As their truck reached the intersection, a drunken driver heading north on 75th Avenue slammed into them. Sherri, Tim and Shona died. The other girl was severely injured.
Not long afterward, Sherri's mother and father got the call every parent dreads.
''Even now,'' Joe Middleton told me, ''it doesn't seem real. But it was.''
Middleton is a minister and former Maricopa County sheriff's deputy. When the business of death was over, the funeral service and burial, he put up the crosses. He also purchased Sherri's crumpled truck and uses it to put on programs at local schools to warn of the dangers of drinking and driving.

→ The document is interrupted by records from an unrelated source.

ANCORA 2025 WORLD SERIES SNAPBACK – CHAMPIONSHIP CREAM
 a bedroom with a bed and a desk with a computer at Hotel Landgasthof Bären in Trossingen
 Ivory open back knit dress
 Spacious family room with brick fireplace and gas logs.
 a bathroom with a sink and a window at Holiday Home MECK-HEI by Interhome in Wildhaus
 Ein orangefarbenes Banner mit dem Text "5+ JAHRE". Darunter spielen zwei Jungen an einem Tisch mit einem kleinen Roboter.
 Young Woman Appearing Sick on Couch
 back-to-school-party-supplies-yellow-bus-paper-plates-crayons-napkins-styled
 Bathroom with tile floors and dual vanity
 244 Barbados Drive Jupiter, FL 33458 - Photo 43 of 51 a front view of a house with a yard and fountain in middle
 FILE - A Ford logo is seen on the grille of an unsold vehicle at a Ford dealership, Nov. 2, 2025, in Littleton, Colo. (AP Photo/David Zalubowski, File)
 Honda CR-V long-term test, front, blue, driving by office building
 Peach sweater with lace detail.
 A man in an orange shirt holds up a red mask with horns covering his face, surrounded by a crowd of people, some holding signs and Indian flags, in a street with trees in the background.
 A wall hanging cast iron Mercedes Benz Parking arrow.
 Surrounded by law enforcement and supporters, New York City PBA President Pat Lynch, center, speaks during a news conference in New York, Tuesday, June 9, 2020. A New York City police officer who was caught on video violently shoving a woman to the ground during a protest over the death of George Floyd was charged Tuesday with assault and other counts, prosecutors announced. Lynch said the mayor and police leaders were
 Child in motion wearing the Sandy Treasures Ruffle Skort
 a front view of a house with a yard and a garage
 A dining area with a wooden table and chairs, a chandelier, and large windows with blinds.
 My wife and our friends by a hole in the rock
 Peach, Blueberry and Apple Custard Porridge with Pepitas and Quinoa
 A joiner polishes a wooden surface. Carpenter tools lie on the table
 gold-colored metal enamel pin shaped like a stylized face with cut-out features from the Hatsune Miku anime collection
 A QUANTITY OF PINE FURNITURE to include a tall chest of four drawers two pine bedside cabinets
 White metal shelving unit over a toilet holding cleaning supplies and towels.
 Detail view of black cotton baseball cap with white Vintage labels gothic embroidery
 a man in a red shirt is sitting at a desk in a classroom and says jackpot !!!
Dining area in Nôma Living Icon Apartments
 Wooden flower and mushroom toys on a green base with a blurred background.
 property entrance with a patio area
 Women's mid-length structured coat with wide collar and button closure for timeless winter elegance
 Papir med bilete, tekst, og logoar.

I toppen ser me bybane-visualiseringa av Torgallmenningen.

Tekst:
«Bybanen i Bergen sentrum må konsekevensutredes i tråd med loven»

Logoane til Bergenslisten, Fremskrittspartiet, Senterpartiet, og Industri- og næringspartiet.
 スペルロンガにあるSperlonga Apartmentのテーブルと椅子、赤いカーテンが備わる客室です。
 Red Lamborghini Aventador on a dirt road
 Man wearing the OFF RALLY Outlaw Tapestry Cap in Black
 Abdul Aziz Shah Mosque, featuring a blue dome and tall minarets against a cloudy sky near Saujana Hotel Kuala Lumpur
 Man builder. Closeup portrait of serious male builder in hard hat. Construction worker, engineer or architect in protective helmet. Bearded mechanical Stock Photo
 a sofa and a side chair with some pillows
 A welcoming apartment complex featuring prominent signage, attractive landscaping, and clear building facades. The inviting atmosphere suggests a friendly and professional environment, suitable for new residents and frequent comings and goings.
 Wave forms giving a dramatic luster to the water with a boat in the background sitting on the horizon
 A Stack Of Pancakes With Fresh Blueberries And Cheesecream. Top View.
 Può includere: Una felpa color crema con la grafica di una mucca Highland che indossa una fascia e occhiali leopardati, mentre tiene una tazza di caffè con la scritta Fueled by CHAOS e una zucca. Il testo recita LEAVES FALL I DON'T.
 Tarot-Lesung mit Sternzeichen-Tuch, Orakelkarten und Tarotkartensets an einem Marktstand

''My wife and I just couldn't let it end with Sherri's death,'' he said. ''We had to use this tragedy to make her life meaningful. I guess this was the work God wanted us to do.''
Bureaucrats at City Hall had trouble with the crosses at first. But eventually they yielded to the three young souls, incorporating the memorial into the last remake of the intersection. It's just north of Trevor G. Browne High School. Just across the street from El Oso park.
JUST ONE WORTH IT
''Over the years, I figure we've spoken to about a million schoolchildren,'' Joe Middleton said. ''If we've kept just one of those children from doing what that drunk driver did, then it would have been worth it. And if, in the process, people are reminded of these three young lives that were cut short, all the better. That kind of loss is something we can't afford, not here, not anywhere. And it happens all too often.''
Shortly after midnight on Dec. 13 - one month ago today - a young man with a blood alcohol count of 0.23 percent slammed into the rear of a Jeep Cherokee stopped for a traffic light at an intersection in Chandler.
The Jeep burst into flames, instantly killing Aimee Ellis. She was 20 years old, like Sherri Middleton. Like Sherri, she will always be 20 years old.
Her mother, Bonnie Crutcher, got the call all parents dread.
''She was going to be a pilot,'' Bonnie told me from her home in Illinois. ''Aimee had so much to offer. She made wherever she was a better place. You were lucky to have her there.''
She's here still, of course, in the minds of friends and family who live in the area. Chandler is a desert town, like Phoenix, bleached and scattered over the desert like bones. Its heart can't quite be pinpointed, but it possesses a lovely, vibrant soul. There's no cross to mark the location but you can look for it anyway, near the intersection of Chandler Boulevard and I-10. Just beneath the traffic light.